After a recent Facebook binge, ie. doomscrolling session, my thumbs came to a rest. Traci Blackmon, a minister at the United Church of Christ, had posted this:
“Friends. As we ponder the validity of the CDC’s most recent announcement while the US remains at a 35% immunization rate and new cases and deaths, although significantly decreased, continue. As we reflect upon the surge of mutations that has now brought India to a full stop.

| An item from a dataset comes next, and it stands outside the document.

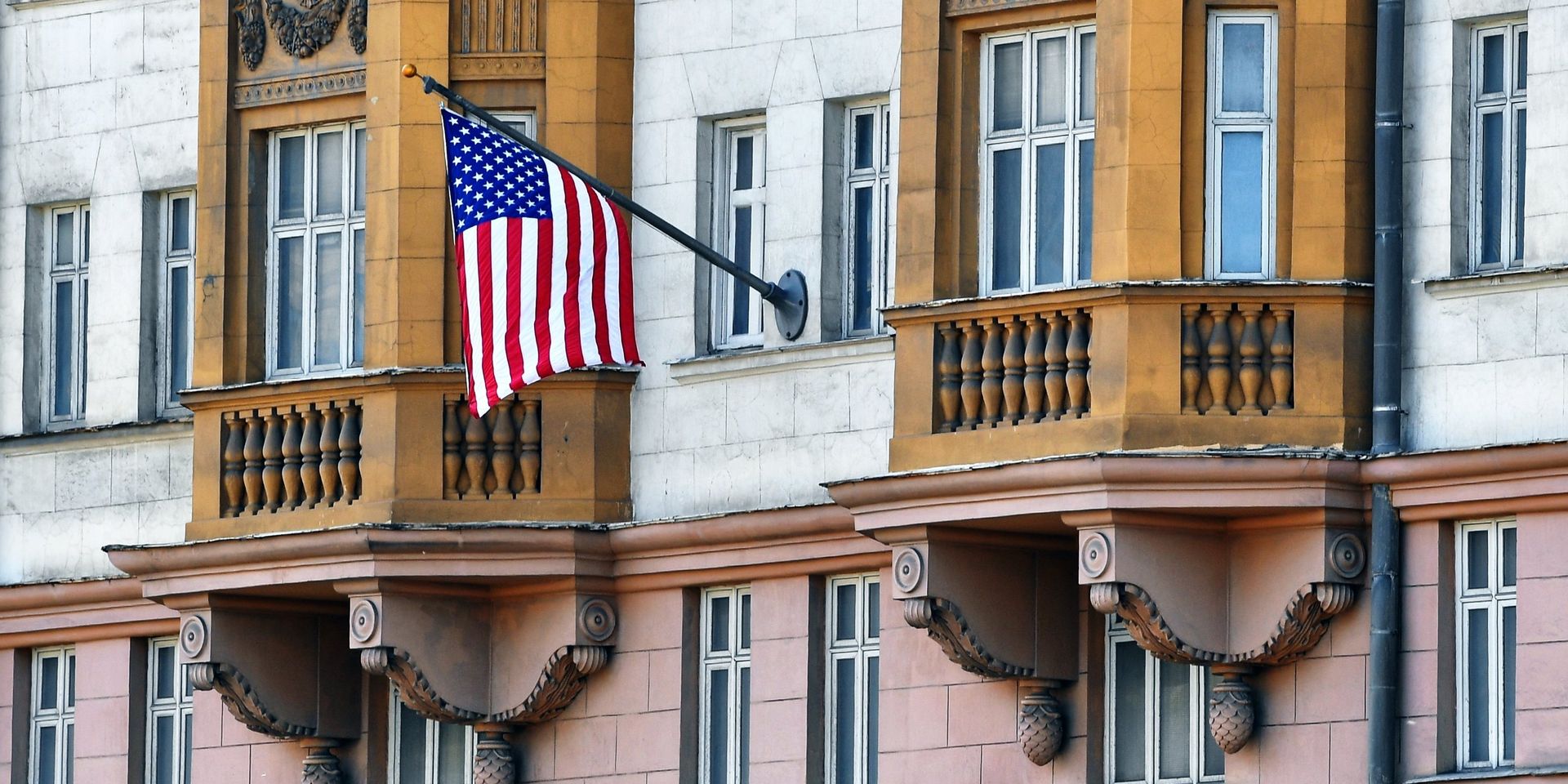 Государственный флаг США у американского посольства в Москве - ИноСМИ, 1920, 23.01.2023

Might I suggest the voice of individualism will tell us to count it a victory if I am ok, while the voice of the Divine would ask: What about others? History has proven we don’t ever go far when we go alone. WE are not yet well. “
Deep breath words. Ones that make me nod and want to weep, to swallow down a gulp in just a brief, overpowering moment.
Perhaps what Blackmon so eloquently captures in a paragraph is what I’ve spent fifteen months grappling with. The “me” mentality overpowers the “we” so often in our culture. I swim in ‘yeah buts’ and sentiments laced with, ‘well, that doesn’t affect me.’ The air is so thick, so humid, with these ideas that to those who won’t listen, my choice to stay home is conservative at best and just plain scared at worst.
I have been scared. You haven’t?
As mask mandates end and we go back to offices, I find myself clicking over to dashboards and charts in liberal media just as I have every single day since lock down number one. Yes, numbers are falling. Yes, vaccinations are happening. And yes, still cases climb, and people are dying and sigh, I could go on and on.
“What will it take for you to feel safe, Katie?” they ask me. I don’t have an answer yet.
Maybe the Divine is whispering to me, in my wonderings of what remains to be seen? How come our desire for connection and travel and a full plate of brunch still leaves those preparing your food vulnerable behind stoves full of simmering sauces?
I’m so good at asking, What about them? What do they need? What will I sacrifice in the name of safety or in the pursuit of kindness?
In a quick moment of rest, I heard another whisper.
Don’t forget, Ms. Katie, that ‘we’ includes you.
And I asked myself, What do I need?
I needed my mom to drive me from nursery to nursery in pursuit of plant starts and floral blooms. I needed a tiny cup of foaming milk, swirling espresso, and precisely six grams of vanilla syrup. I needed to sit in the dirt, to plunge shovels into loam, and to mix rich compost in with airy soil to create a place for something to grow. I needed a tiny cupcake to remember him by.
I need you to remember, we may be able to remove our masks now, but thousands are still scared and hurting and unsafe. We’re all going to carry on with remnants of this time like sand we took home from a trip to the ocean. We’ll find the grains in pockets of jeans, and at the bottoms of backpacks and work bags we left in the closet.
Where we walk next will be led by the foot steps we took last year, pacing in circles wearing carpet thin.
I felt a sense of relief with a second jab to the arm and this weekend for three days in a row, I hugged someone not my husband. Arms. Warm bodies. Your heartbeat in a chest next to mine. Beautiful, soul filling things.